大豆ミートの添加物とは?よく使用される添加物3選を食品研究者が徹底解説
「大豆ミートってサステナブルで健康そうに見えるけど、けっこう添加物が多い気がする」
「そもそもなんで添加物を使うのかな?」
「添加物はこわい、、、」
こんな悩みを抱えていませんか?
気持ちはよくわかります。
食品メーカーもマーケティングのひとつで、「○○無添加」やら「無添」など色々使っていますよね。
僕も食品開発をする前までは少し不安でした。
しかし、大前提として食品添加物は安全性と有効性を科学的に評価し、厚生労働大臣が認可したものだけが「食品添加物」と呼ぶことができます。
今回は、添加物についてカンタンに説明しつつ、大豆ミートによく使われる添加物とその目的を紹介します。
添加物が少ない大豆ミートも紹介していますので、ぜひ最後までお読みください。
そもそも添加物とは?
食品衛生法では、「『食品添加物』とは食品の製造過程で、または食品の加工や保存の目的で食品に添加、混和などの方法によって使用するもの」と定義されています。

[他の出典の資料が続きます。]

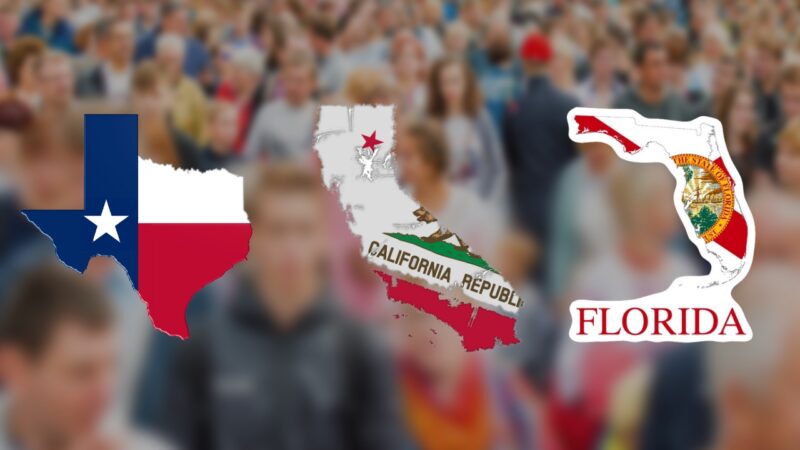 A Graphic Comparing the States of Texas, California, and Florida, Symbolizing Population Differences Among Major U.S. States in 2024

以前は、合成添加物だけが「食品添加物」に指定されていましたが、現在は「天然」、「合成」に関わらず「食品添加物」に指定されているんです。
例えば、昔から着色目的で使われているクチナシ、しその葉などはエキスにして添加物の着色料として使用されています。
ここでは、
- 加工食品の添加物を見分ける方法
- 添加物の注意点
を具体例を用いて、サクサク解説していきますね。
加工食品の添加物を見分ける方法
加工食品の添加物は、原材料表示のスラッシュ「/」の後半部分に表示されています。
2015年に食品表示法が施行され、添加物と食品素材は明確に分けて表示するルールが決まったからです。

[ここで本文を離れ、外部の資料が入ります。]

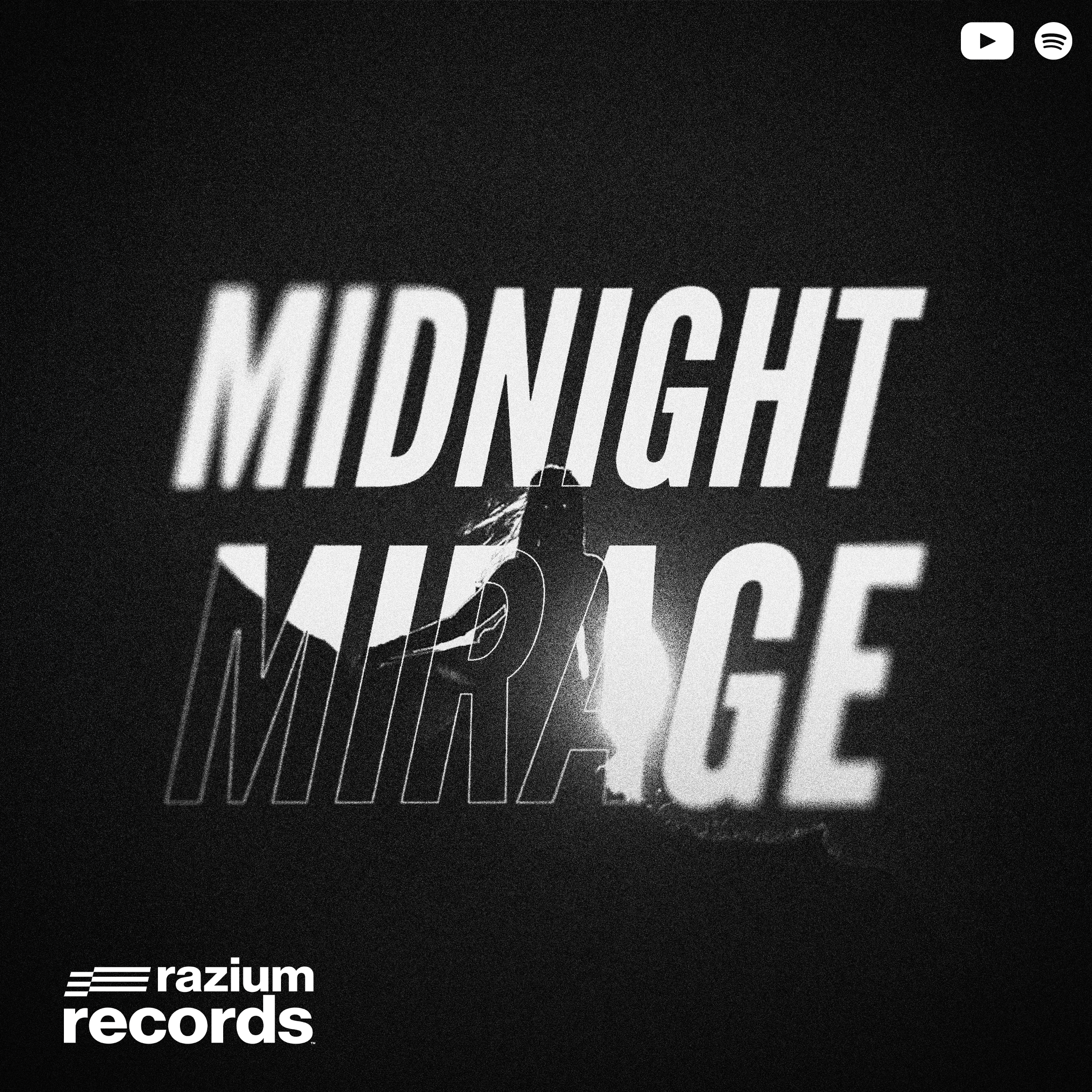 Black and white promotional image with the text 'MIDNIGHT MIRAGE' in large, bold letters. A woman's silhouette is in the background, with a bright light behind her. The bottom left corner displays the Razium Records logo.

例えば、大塚食品が発売している大豆ミート、ゼロミートのパッケージを見てみましょう。
文字数多くて見にくいですよね、、、
原材料表示は以下のとおり。太字の部分が添加物です。
大豆加工品(脱脂大豆、玄米粉)(国内製造)、たまねぎ、植物油脂、粒状大豆たんぱく(脱脂大豆、でんぷん、植物油脂)、パン粉、砂糖、でんぷん、粉末卵白、粉末状大豆たんぱく、ブラウンルウ(小麦粉、植物油脂、ぶどう糖)、りんごペースト、食塩、トマトペースト、香味パウダー、デキストリン、調味ペースト、酵母エキス加工品、酵母エキス、ウスターソース、赤ワイン、香辛料、食物繊維、野菜ブイヨン風味パウダー、しょうゆ加工品、セロリパウダー/酢酸(Na)、カラメル色素、調味料(アミノ酸等)、香料、グリシン、チアミン塩酸塩、D-キシロース、酵素、ショ糖脂肪酸エステル、(一部に小麦・卵・ごま・大豆・りんごを含む)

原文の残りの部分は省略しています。